The strategy must hone in on the barriers to growth for SMEs and scaleups, with a recognition that the challenges faced in England, Scotland, Wales and Northern Ireland will differ according to financial landscapes, connectivity, and talent pools.
Regional administrations will need to work closely with local businesses to identify effective solutions to any challenges that are holding UK businesses back.
An ambitious, UK-wide strategy sends a clear signal to international partners that the UK remains a reliable long-term business partner that is actively looking for cross-border business opportunities.
A practical approach to skills gaps
Government needs to recognise that employers are best placed to identify skills gaps and anticipate what capabilities workforces of the future will need.
To create a future-proof workforce, the right educational programmes and skills training must be put in place.
Governments, schools, and businesses alike need to look beyond traditional education routes when developing a highly skilled and agile workforce, focusing on creating a lifelong learning culture within the workplace, and boosting career aspirations for younger generations.
The first step must be a wholesale review of national careers advice and building strong links between local businesses, schools and learning providers, to ensure a better alignment between learning and the workplace.
Vocational education will play a key part in the creation of a multi-skilled and flexible workforce, and it is therefore vital that vocational career pathways – such as apprenticeships – include core transferrable skills that benefit both individuals and employers.
A return to the basics of the tax system
The government should revisit key tenets of the tax system such as business rates, and ensure they are conducting a root and branch review of current systems, with consideration of the changing post-Brexit business landscape.
It may be time, for example, to detach business rates from property values.
The deferment of Making Tax Digital following its removal from the Finance Bill in the previous Parliament is a sensible move, allowing government and stakeholders to reassess the current plan post-election.
This gives time to take a constructive and close look at the Finance Bill, and then the delayed MTD can be later scrutinised alongside potential accelerated tax payments.
The next government should also avoid the temptation to tamper with tax plans, and instead conduct a thorough review of existing systems to lay the foundation for long-term planning.
A holistic and prioritised approach to public sector funding
Government should adopt a holistic outlook when considering funding for public services.
A cross-governmental system would promote greater collaboration, reduce doubling of efforts, and ensure the best funding is in the right area to make sure people receive the public services needed.
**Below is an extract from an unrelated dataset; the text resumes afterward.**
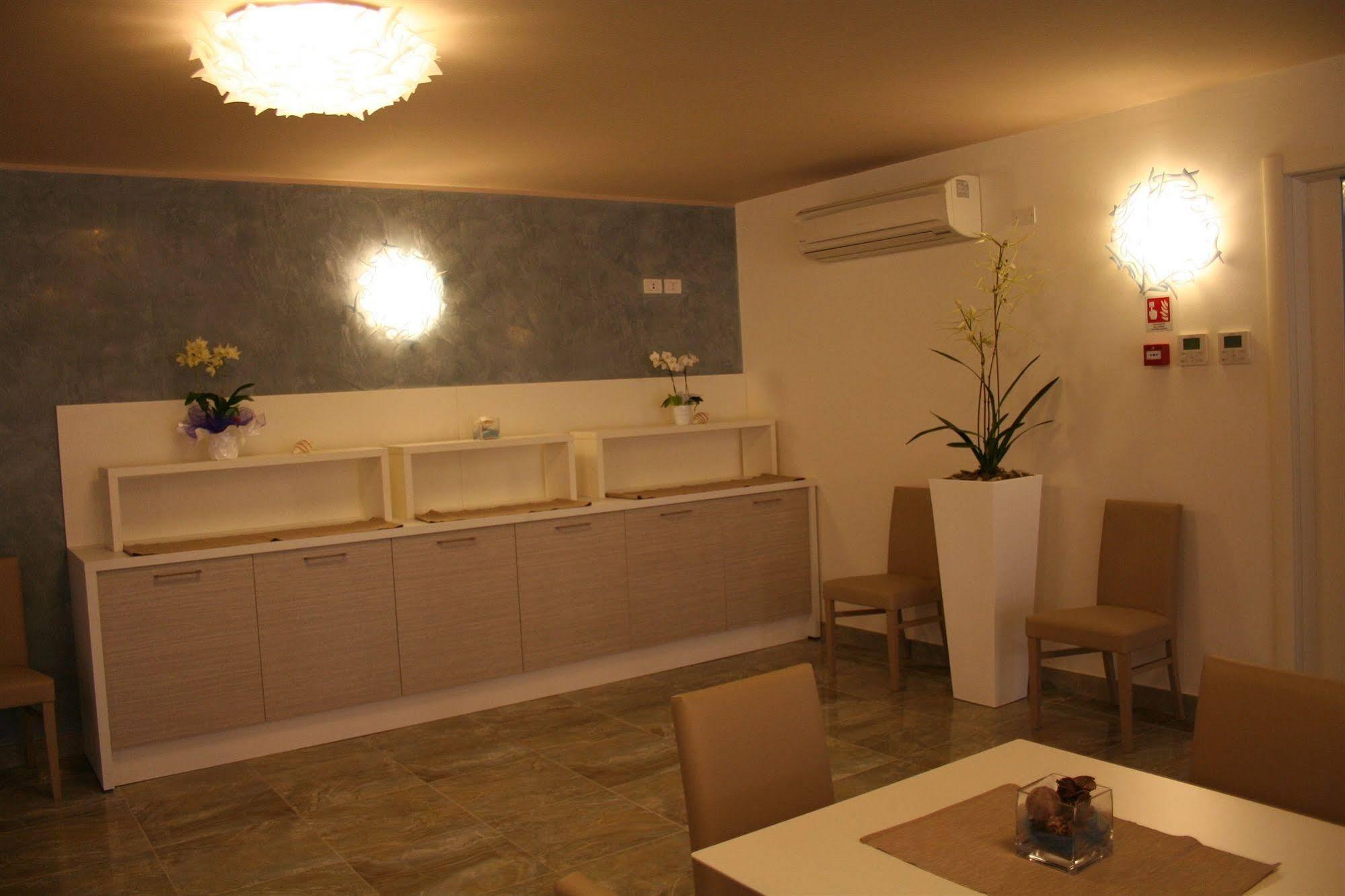 Apart Hotel Atlantic Grado Extérieur photo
Equally, stability is important and a long-term funding framework in place would most likely deliver greater value for taxpayers.
The public sector landscape is ever-changing, and while the previous government’s position on regional control over public services finances is practical and commendable, more needs to be done to make this a reality. This would give local public sector bodies more control over budget allocation.
Vast improvement is also needed to bring the public sector into the digital age – as the recent vulnerability of the NHS to malware attacks showed – and to run public services more effectively, including up-skilling staff to adopt change.
Avoid overly prescriptive solutions to corporate governance concerns
Government needs to support voluntary measures to improve the culture of corporate governance in the work place. ACCA advises against unnecessary additional regulation, for both listed and privately-held companies, believing that a one-size-fits-all approach will not work and that positive reinforcement of culture-led solutions will be more effective.
To improve current guidance on corporate governance, we need to look at how corporate leadership can involve and engage its stakeholders effectively, from employees to shareholders. Bottom-up solutions that obtain the buy-in of employees, for example, are becoming as important as top-down solutions and shareholder engagement.
The government must also be mindful of pay trends for UK companies, which could intensify due to global economic uncertainty on issues such as Brexit, which increases competition for talent.
ACCA supports measures to increase the transparency of company pay policies through a voluntary approach. This will enable companies to demonstrate their commitment to accountability and facilitates their engagement with relevant stakeholders.
Alongside the clear challenges, the next government will have new opportunities it can seize on behalf of business and the public. It will need to show bold, considered leadership to secure Britain’s place in the world and drive prosperity in the post-Brexit era.
Helen Brand is chief executive of ACCA.